The quest for faster computing and reduced energy consumption may lead to widespread use of optical computing. This has been predicted since at least 1971 but hasn't occurred. This has been due to numerous difficulties.

The most significant difficulty is the scale of integration. While it is possible to manufacture electronic transitors at 22nm or (various exagerations of 15nm), the use of infra-red lasers limited optical computing to a theoretical minimum feature size of 600nm. Use of gallium in one or more guises may reduce this to 380nm. Significantly reducing this limit would require development and safe handling of extremely small X-ray sources or similar. As a matter of practicality, I'm going to assume that optical computing is powered by a 410nm gallium blue laser diode.

While etching of electronic transistors has received considerable funding and development, optical computing competes at increasing disadvantage.

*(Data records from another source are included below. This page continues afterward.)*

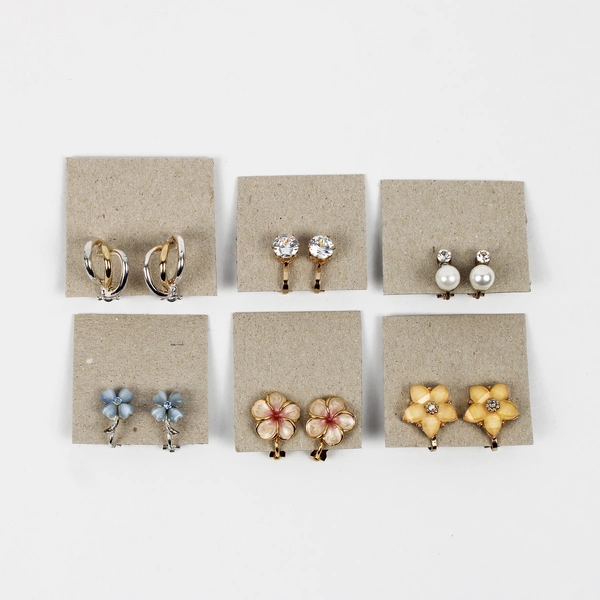 Lot of 6 Unbranded Vintage Clip-On Earrings Variety Shapes/Sizes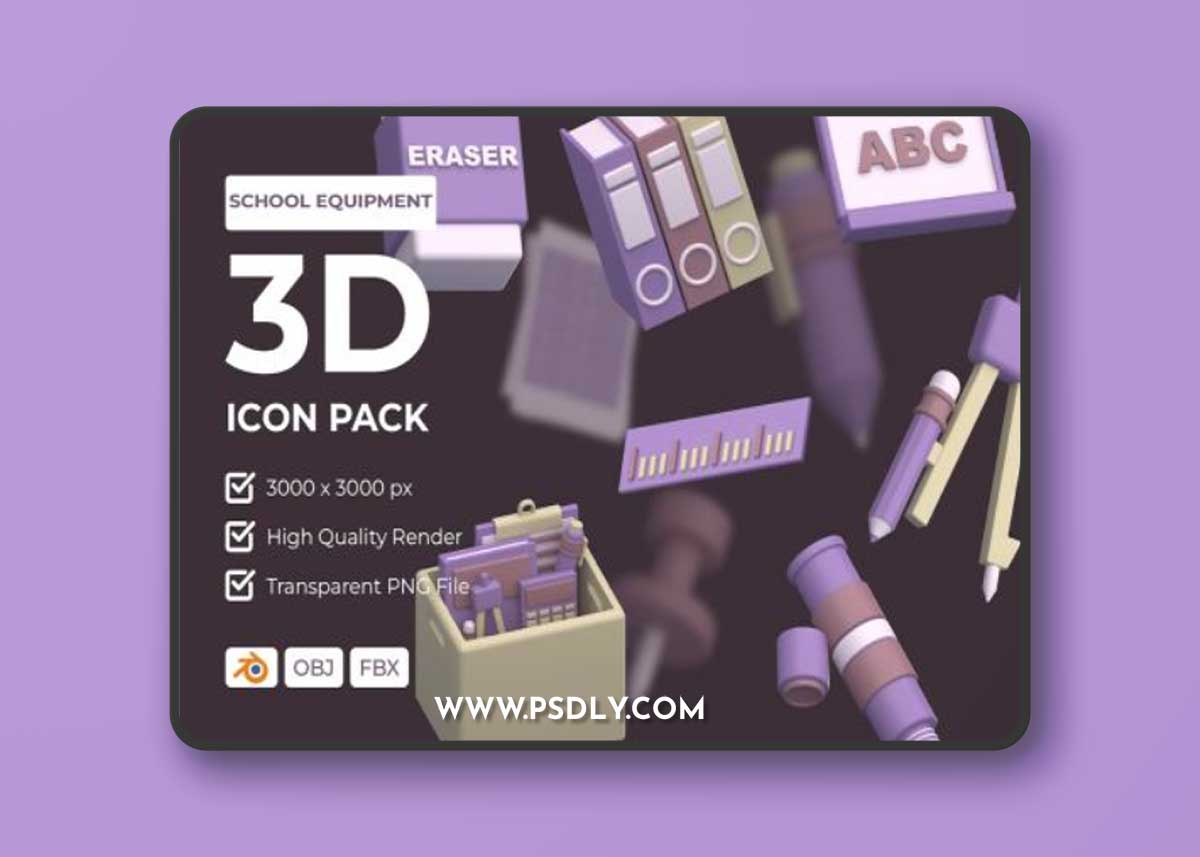 School Equipment 3D Icon Pack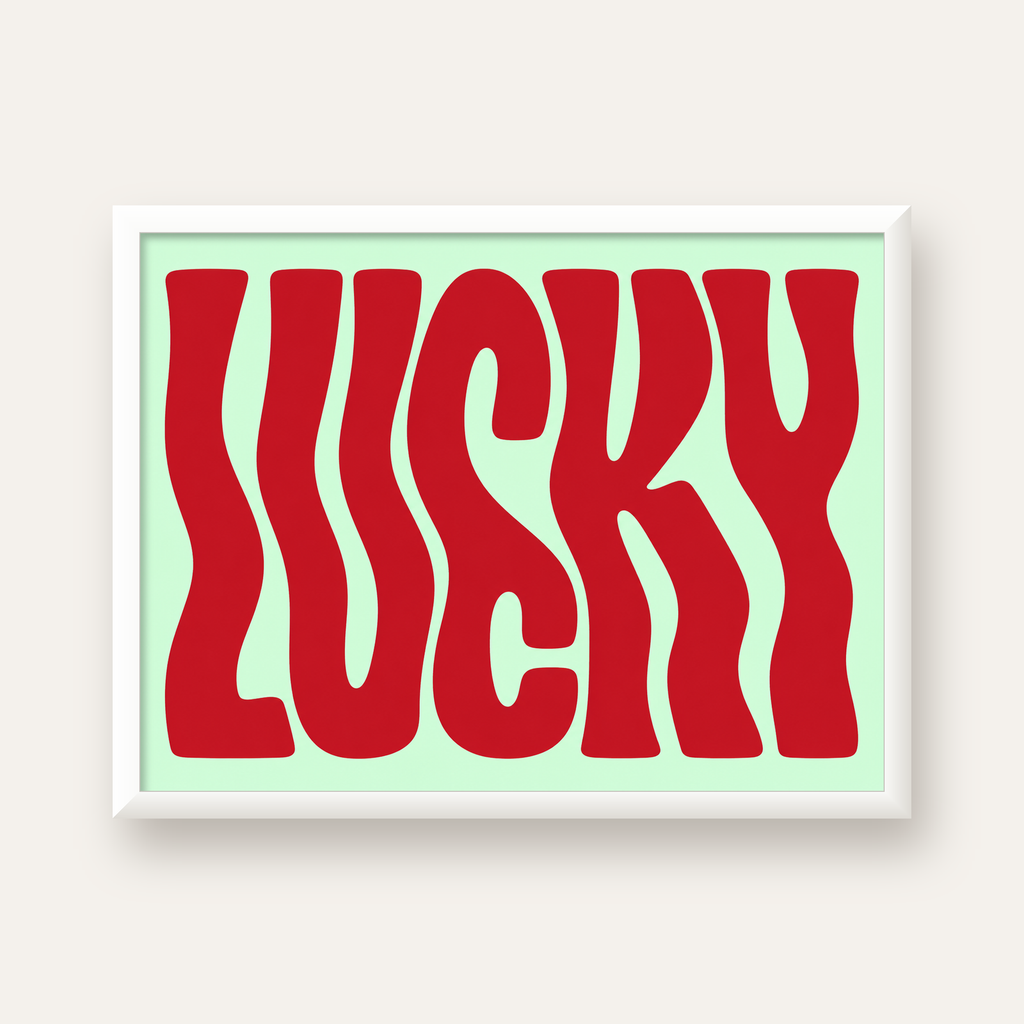 Modern Dalgalı Tipografi 'LUCKY' Kırmızı Poster — beyaz çerçeveli yatay poster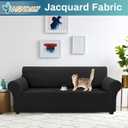 Asnomy Couch Covers for 3 Cushion Couch Sofa Pet Friendly, 3 Seater Sofa Cover Washable Slipcovers Protector Furniture Covers for Dogs Spandex Jacquard Fabric Small ChecksLargeBlack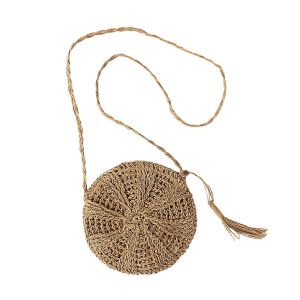 Tour De La Paille Sac Boh&egrave;me Sac &Agrave; Bandouli&egrave;re Avec Pompon Messenger Tress&eacute; De Plage Sac &Agrave; Main Marron Clair Sac De Voyage - Neuf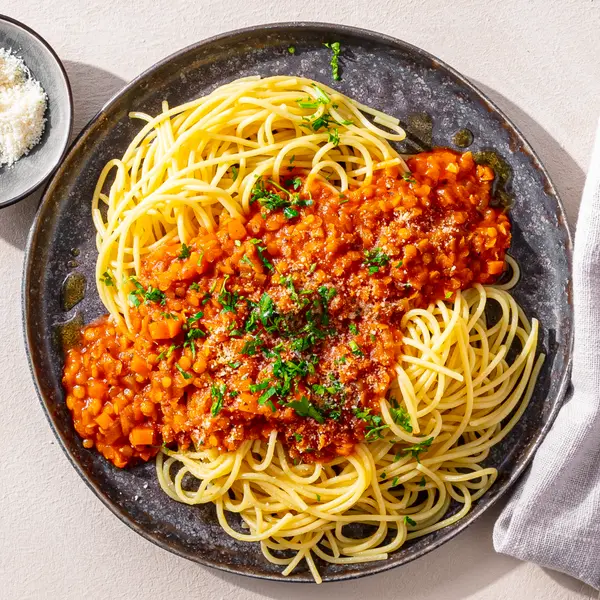 Spaghetti mit Linsen-Bolo
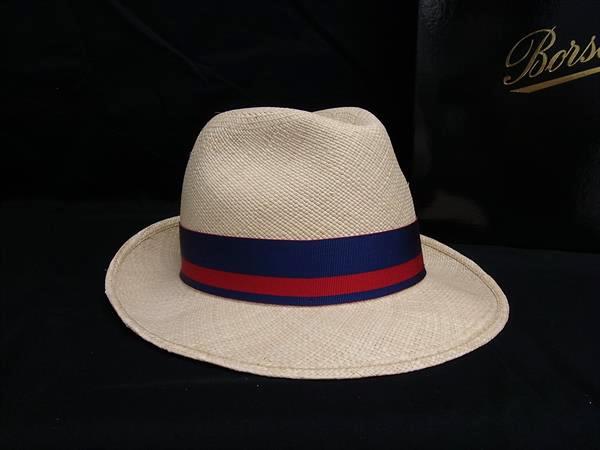 ■新品同様■ BORSALINO ボルサリーノ 天然草100％ 麦わら帽子 ストローハット 帽子 サイズ 58 ライトベージュ系×ブルー系 FL9514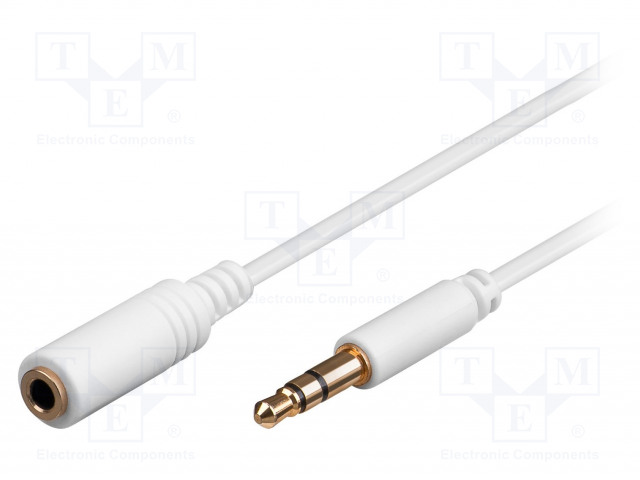 97119.jpg Jack cable 3.5mm 3pin socket-Jack 3.5mm 3pin plug 2m white - Image 1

If optical circuits are manufactured using two dimensional etching then we have the problem that we will not be able to have optical processors with 100 million transistors unless the optical substrate is very large or manufactured in very small pieces and then stacked and connected in a manner which has not been developed. Alternatively, some form a holographic etching may have to be developed.

I'm going to assume that an optical CPU uses no more than 10000 gates. At this point, we're at the same scale of integration as 1970s CPU designs. An optical CPU may run at 20THz but it will have no more gates than a Z80 and scope to increase gates may be very limited. For example, electronic inter-connections may be significantly slower than optical connections. We may have the foreseeable situation of an optical 8086 (or similar) emulating a much more recent iteration of x86. This would include optical emulation of cache tiers and wide registers. Specifically, the old wisdom of processing data in 4 bit chunks or 16 bit chunks may be re-established as a matter of necessity.

Emulation will allow optimizations which are infeasible in hardware. For example, if four-way SIMD is used to calculate three dimensional co-ordinates, an emulator can peep ahead in an instruction stream and see which pieces are used before a register is over-written. Then it is possible to only calculate the three pieces required and then leave 1/4 of a register unchanged. In hardware, this would require more circuitry and energy than it would save. In software, this could make a program run faster while saving energy.

I presume that main memory will remain electronic. This would maintain expected storage density. However, DRAM may be superceded by persistent memory.

Generic, multi-core designs will become increasingly desirable. For neural simulation, decompression of dendrite weights and subsequent floating point calculations will all be performed by small integer processors. The dabblers who make their own image format, filing system or init system will move to instruction set design. This will create a profusion of incompatible applications, compilers and execution environments which will make Android look quaint. Despite increasing I/O bottlenecks, theoreticians will continue to avocate pure message passing.